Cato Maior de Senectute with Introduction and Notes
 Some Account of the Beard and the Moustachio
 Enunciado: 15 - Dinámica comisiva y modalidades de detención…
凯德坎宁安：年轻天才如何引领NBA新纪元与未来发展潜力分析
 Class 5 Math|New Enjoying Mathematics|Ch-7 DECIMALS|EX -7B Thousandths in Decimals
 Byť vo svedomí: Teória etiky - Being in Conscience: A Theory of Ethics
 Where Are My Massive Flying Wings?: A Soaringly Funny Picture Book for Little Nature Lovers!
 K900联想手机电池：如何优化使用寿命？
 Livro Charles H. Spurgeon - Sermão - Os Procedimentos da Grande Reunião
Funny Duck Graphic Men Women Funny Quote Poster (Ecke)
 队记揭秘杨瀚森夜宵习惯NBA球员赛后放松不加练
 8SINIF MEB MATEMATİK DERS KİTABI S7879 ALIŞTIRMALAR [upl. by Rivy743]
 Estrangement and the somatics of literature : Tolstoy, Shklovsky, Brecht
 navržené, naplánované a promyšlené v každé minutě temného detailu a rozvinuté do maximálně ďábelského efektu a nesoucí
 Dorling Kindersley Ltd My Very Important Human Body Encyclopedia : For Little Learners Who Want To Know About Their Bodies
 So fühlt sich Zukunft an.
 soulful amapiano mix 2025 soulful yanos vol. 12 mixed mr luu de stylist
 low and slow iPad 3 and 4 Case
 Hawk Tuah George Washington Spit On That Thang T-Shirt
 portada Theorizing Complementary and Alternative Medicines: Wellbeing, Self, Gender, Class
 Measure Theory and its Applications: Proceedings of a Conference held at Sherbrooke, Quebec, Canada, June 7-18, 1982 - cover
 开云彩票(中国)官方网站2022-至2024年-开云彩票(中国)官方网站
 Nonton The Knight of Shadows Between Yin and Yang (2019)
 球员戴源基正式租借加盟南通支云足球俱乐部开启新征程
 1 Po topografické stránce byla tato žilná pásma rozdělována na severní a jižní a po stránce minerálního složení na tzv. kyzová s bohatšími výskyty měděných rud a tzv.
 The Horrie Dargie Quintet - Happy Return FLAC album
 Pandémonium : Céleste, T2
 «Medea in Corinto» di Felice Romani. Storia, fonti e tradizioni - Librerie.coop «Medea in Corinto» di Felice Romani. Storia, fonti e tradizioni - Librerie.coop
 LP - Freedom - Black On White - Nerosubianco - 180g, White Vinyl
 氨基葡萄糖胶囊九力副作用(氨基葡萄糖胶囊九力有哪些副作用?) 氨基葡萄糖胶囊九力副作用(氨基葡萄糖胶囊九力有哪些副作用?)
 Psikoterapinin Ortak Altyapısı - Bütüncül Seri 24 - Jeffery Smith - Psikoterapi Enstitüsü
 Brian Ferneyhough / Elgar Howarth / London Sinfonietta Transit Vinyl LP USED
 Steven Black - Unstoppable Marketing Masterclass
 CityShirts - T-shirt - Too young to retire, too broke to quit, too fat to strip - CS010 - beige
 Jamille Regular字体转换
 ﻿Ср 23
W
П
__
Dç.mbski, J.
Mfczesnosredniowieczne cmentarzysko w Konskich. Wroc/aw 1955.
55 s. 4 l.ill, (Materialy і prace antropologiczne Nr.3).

## [What is being asked]
When the line with "The Horrie Dargie" is reached in the data above, begin copying, and stop after the line with "Steven Black - Unstoppable"; copy each line exactly, both ends included.

## [Exercise answer]
 The Horrie Dargie Quintet - Happy Return FLAC album
 Pandémonium : Céleste, T2
 «Medea in Corinto» di Felice Romani. Storia, fonti e tradizioni - Librerie.coop «Medea in Corinto» di Felice Romani. Storia, fonti e tradizioni - Librerie.coop
 LP - Freedom - Black On White - Nerosubianco - 180g, White Vinyl
 氨基葡萄糖胶囊九力副作用(氨基葡萄糖胶囊九力有哪些副作用?) 氨基葡萄糖胶囊九力副作用(氨基葡萄糖胶囊九力有哪些副作用?)
 Psikoterapinin Ortak Altyapısı - Bütüncül Seri 24 - Jeffery Smith - Psikoterapi Enstitüsü
 Brian Ferneyhough / Elgar Howarth / London Sinfonietta Transit Vinyl LP USED
 Steven Black - Unstoppable Marketing Masterclass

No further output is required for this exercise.